The Conservative and Reform movements agree with the bill's core statement, which means to facilitate the conversion process, by allowing municipal rabbis to oversee it.

The concern stems from an article – introduced to appease the haredim – which stipulates that the Chief Rabbinate will have final say on the matter.

Both movements allege that the article disrupts the balance between the three Jewish denominations

PM backs dialogue on conversion bill ‘to ensure unity'

By Jonah Mandel June 5, 2010

Yizhar Hess, executive-director of the Masorti Movement in Israel said that

“We are happy the Prime Minister chose to send a calming and conciliatory message, we’ve been waiting for one.

Rotem’s proposal threatened to divide the Jewish people, and following the prime minister’s guidelines, we hope that coalition member Rotem will immediately shelve the proposed bill in its current format.

Sharansky told members of the Jewish Agency’s board in a letter from April:

“Furthermore, no official action will be taken till after the Board of Governors in June, when representatives from all streams of Judaism from the Committee for the Unity of the Jewish People, will have the opportunity to weigh and discuss these pivotal questions with the representatives of the government.”

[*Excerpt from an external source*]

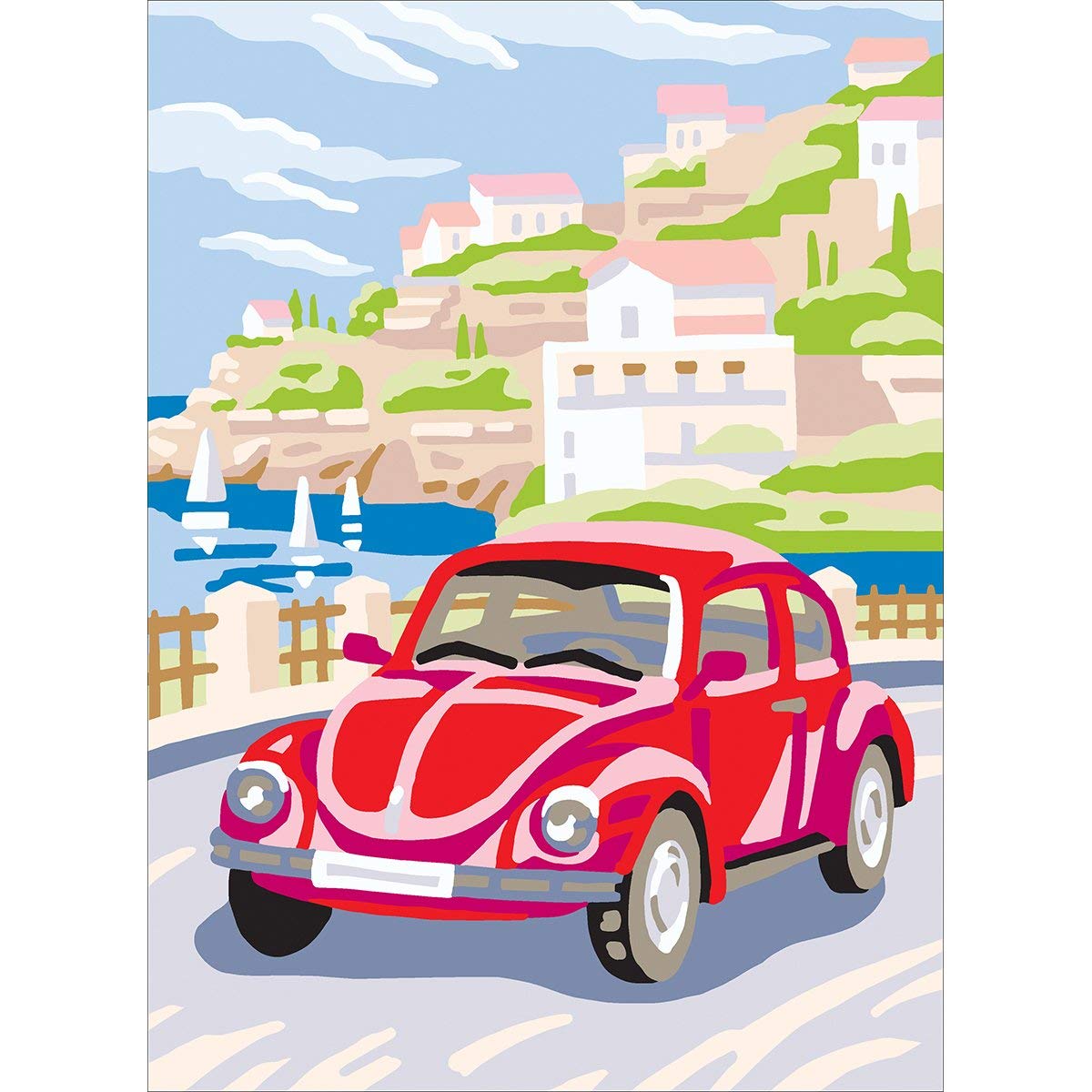 Rto White Car D'art Needlepoint Printed Tapestry Canvas, 30 X 40Cm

Keep Dreaming: ‘Chief Rabbinate dismantled'

By David Breakstone Opinion June 4, 2010

"If you will it, it is no dream"

The writer is a member of the Jewish Agency and World Zionist Organization Executives.

Jerusalem, June 4, 2018

In a historic act that millions of Jews around the world have anxiously been awaiting for years, the Knesset yesterday dissolved the heretofore sacrosanct office of the Chief Rabbinate.

Earlier in the day, the cabinet received a detailed report on the ongoing implementation of the revolutionary plan drafted nearly a decade ago to fully integrate the haredi community into the country’s military.

Leaders from across the spectrum were unanimous in their optimism that the two moves would lead to an unprecedented Jewish renaissance and sense of unity.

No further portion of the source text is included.